About this task
Set down exactly the lines from the one containing "Custom New Zealand" to the final line of the records below, with every picture omitted.

▼

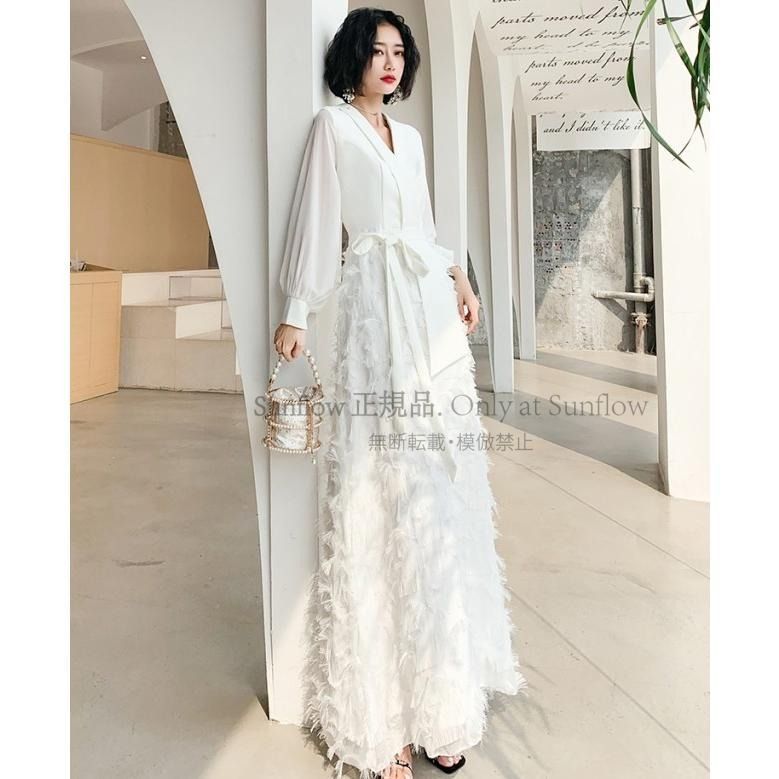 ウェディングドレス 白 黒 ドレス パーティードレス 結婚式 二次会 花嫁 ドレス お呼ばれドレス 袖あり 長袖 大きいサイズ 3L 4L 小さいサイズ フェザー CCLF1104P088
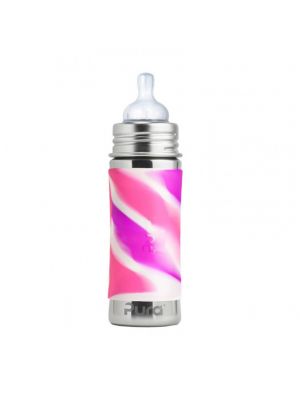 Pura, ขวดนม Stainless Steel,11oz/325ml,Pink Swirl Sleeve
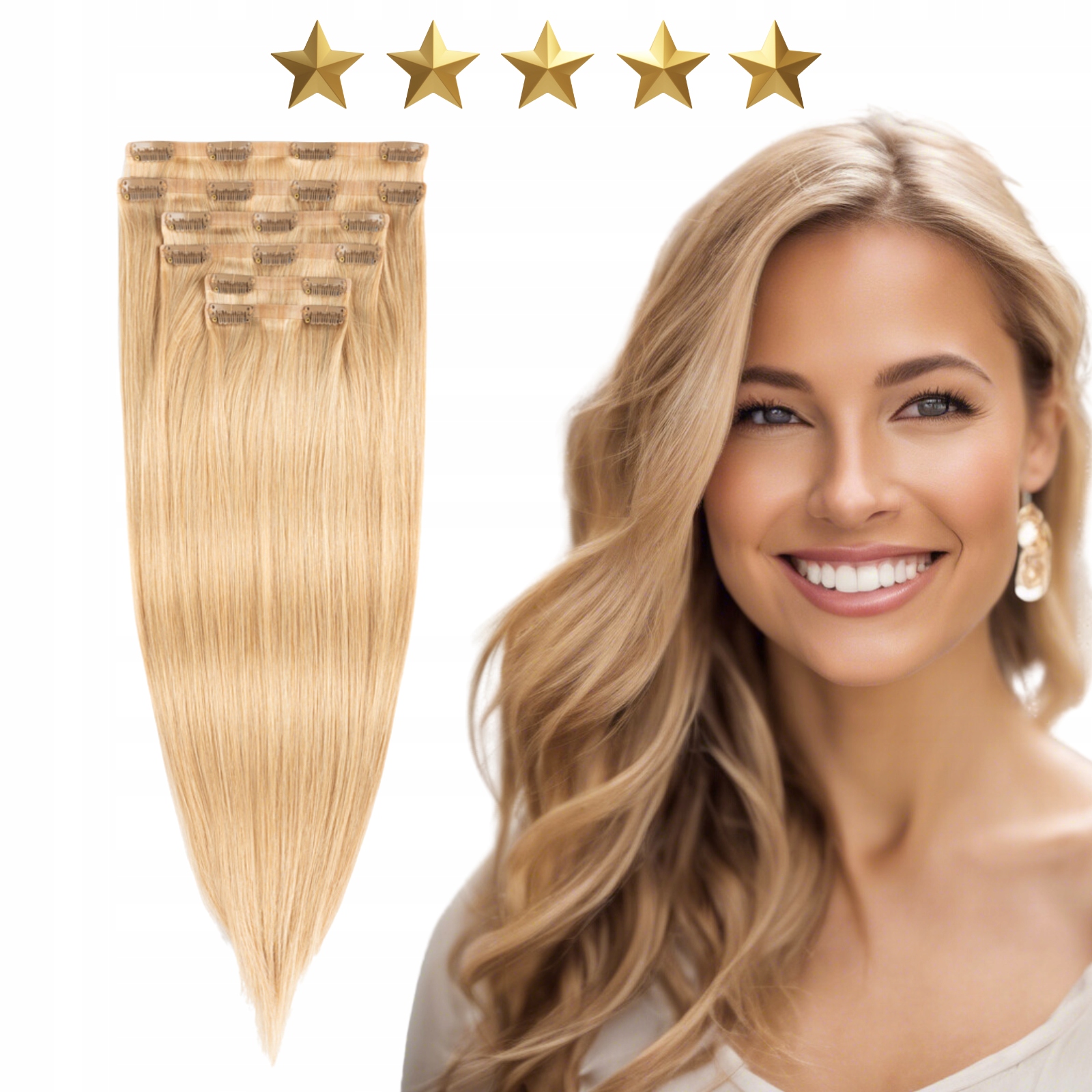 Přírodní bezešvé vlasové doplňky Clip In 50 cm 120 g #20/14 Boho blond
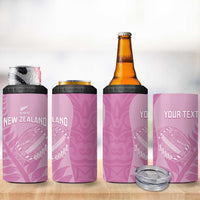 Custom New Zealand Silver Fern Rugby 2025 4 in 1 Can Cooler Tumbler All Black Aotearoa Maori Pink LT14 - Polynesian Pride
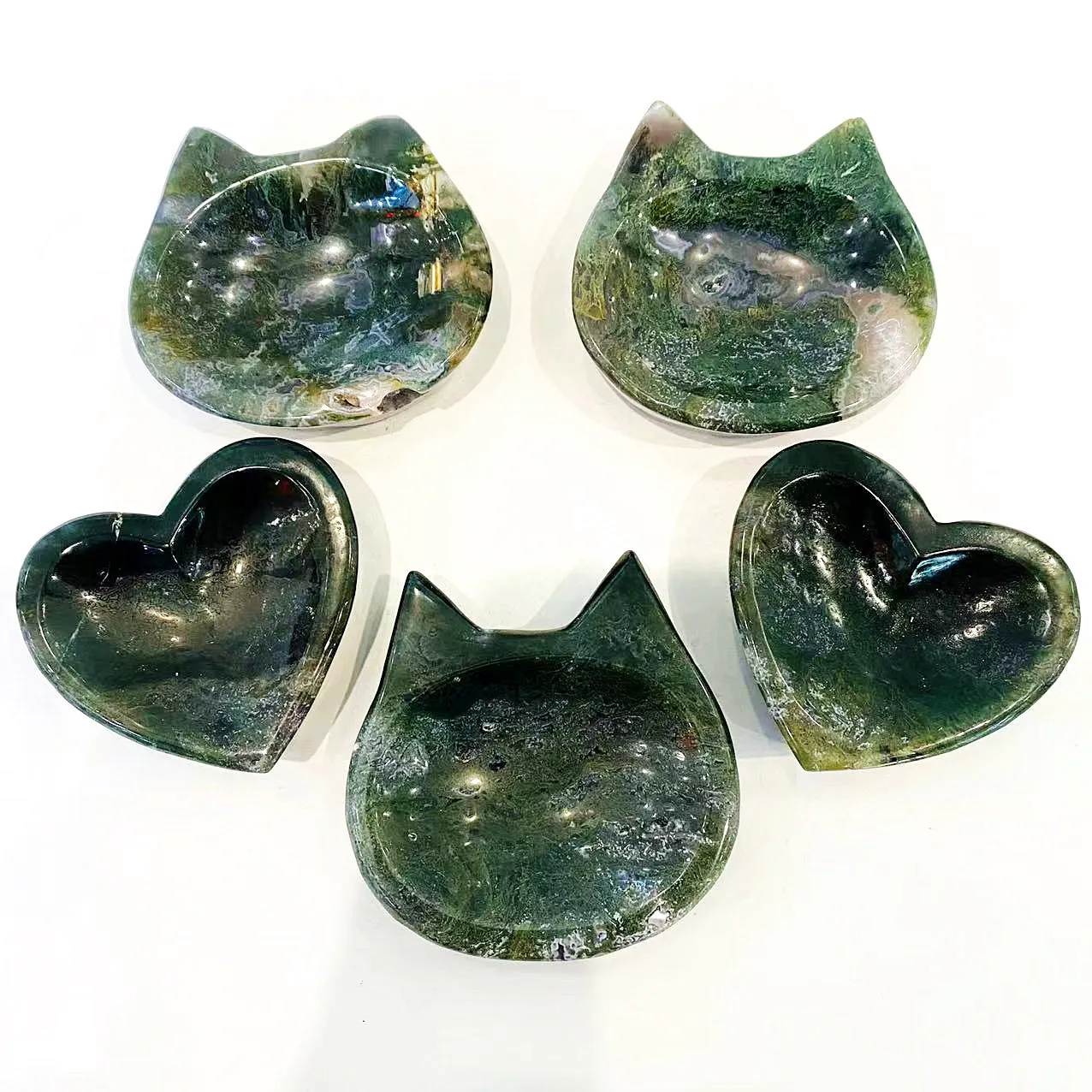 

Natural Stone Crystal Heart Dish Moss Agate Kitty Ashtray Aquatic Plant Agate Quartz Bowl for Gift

▲

Task result
 Custom New Zealand Silver Fern Rugby 2025 4 in 1 Can Cooler Tumbler All Black Aotearoa Maori Pink LT14 - Polynesian Pride

Natural Stone Crystal Heart Dish Moss Agate Kitty Ashtray Aquatic Plant Agate Quartz Bowl for Gift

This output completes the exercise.